Le message est clair, presque brutal : chez KTM, l’avenir se prépare dès maintenant… avec ou sans Pedro Acosta. Alors que tout indique que Pedro Acosta se dirige vers Ducati pour 2027, le constructeur autrichien n’attend pas pour rebattre ses cartes. Et la révolution pourrait être bien plus profonde qu’un simple remplacement. Car derrière les discussions de mercato, c’est tout un cycle qui est en train de se refermer.

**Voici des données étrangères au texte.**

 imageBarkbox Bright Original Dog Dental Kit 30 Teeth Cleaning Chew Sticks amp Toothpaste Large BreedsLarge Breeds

Officiellement, rien n’est encore acté. Mais dans les faits, KTM se prépare déjà à tourner la page Acosta. Et surtout, à revoir entièrement sa hiérarchie interne. Pit Beirer, figure centrale du projet KTM, ne cache pas les difficultés actuelles :
« Il semble que Pedro soit désormais sur une base solide, où il peut vraiment se battre pour d’excellentes positions. »
Mais derrière ce constat positif, le ton change. « Mais nous ne sommes pas encore là où nous le souhaiterions avec Brad, Enea et Maverick. Il reste donc du travail à accomplir. » Autrement dit : personne n’est à l’abri. Ni Brad Binder, ni Enea Bastianini, ni même Maverick Vinales, pourtant pressenti un temps pour rejoindre l’équipe officielle.

Viñales en sursis, Binder et Bastianini sous pression, KTM regarde déjà vers Moto2
La situation de Viñales illustre parfaitement cette incertitude. Freiné par ses problèmes d’épaule, l’Espagnol n’a pas encore pu s’imposer comme un leader crédible. Mais KTM ne ferme pas la porte :
« Mais oui, nous croyons en Maverick, et nous voulons qu’il revienne et nous prouve qu’il est l’homme de la situation pour faire partie de l’équipe à l’avenir. »
Une déclaration à double tranchant. Soutien affiché… mais ultimatum implicite. Et pendant que ses pilotes MotoGP doutent, KTM accélère sur un autre front : la relève.
Dans l’ombre, les discussions sont déjà engagées avec les stars montantes de Moto2, notamment Dani Holgado et David Alonso, tous deux liés à la structure CFMOTO Aspar.
Beirer ne s’en cache pas : « nous sommes en discussion avec eux, et il est clair que l’avenir repose sur les jeunes. »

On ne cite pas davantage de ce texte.